The science of architectural acoustics in Britain took tremendous strides forward in the inter-war years. Between 1923 and 1935, five separate acoustic laboratories were constructed at the government facility for building science, the Building Research Station (BRS), and a sixth was made available for collaborative work at the National Physical Laboratory (NPL).
This is the story of the first of the laboratories – for which a full set of construction drawings has been unearthed – and the (slightly stormy) political context within which that laboratory was established, thus bringing acoustics onto the official agenda for research in building science.

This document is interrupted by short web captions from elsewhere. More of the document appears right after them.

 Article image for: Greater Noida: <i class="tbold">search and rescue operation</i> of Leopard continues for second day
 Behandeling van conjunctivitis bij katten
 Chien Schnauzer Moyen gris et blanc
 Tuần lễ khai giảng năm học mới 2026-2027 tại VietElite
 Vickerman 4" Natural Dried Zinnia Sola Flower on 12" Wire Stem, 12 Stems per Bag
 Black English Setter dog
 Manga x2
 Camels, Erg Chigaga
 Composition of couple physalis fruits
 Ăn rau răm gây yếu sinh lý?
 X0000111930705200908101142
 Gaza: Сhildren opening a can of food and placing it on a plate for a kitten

Guest Speaker: Fiona M. Smyth was awarded a Newman Medal in 2014 for a Ph.D. dissertation completed in Ireland and awarded by University College Dublin. Fiona trained as an architect at University College Dublin, before beginning her Ph.D. research under the joint supervision of Professor Hugh Campbell at University College Dublin (architecture) and Professor Henry Rice of Trinity College Dublin (Engineering). The dissertation for which Fiona received the Newman Medal was an examination of interdisciplinary developments in architectural acoustics in early twentieth-century Britain and Ireland.
Fiona is presently in the US where she is furthering her acoustic work through the lens of the history of science as part of a Marie Skłodowska-Curie Postdoctoral Fellowship at Harvard.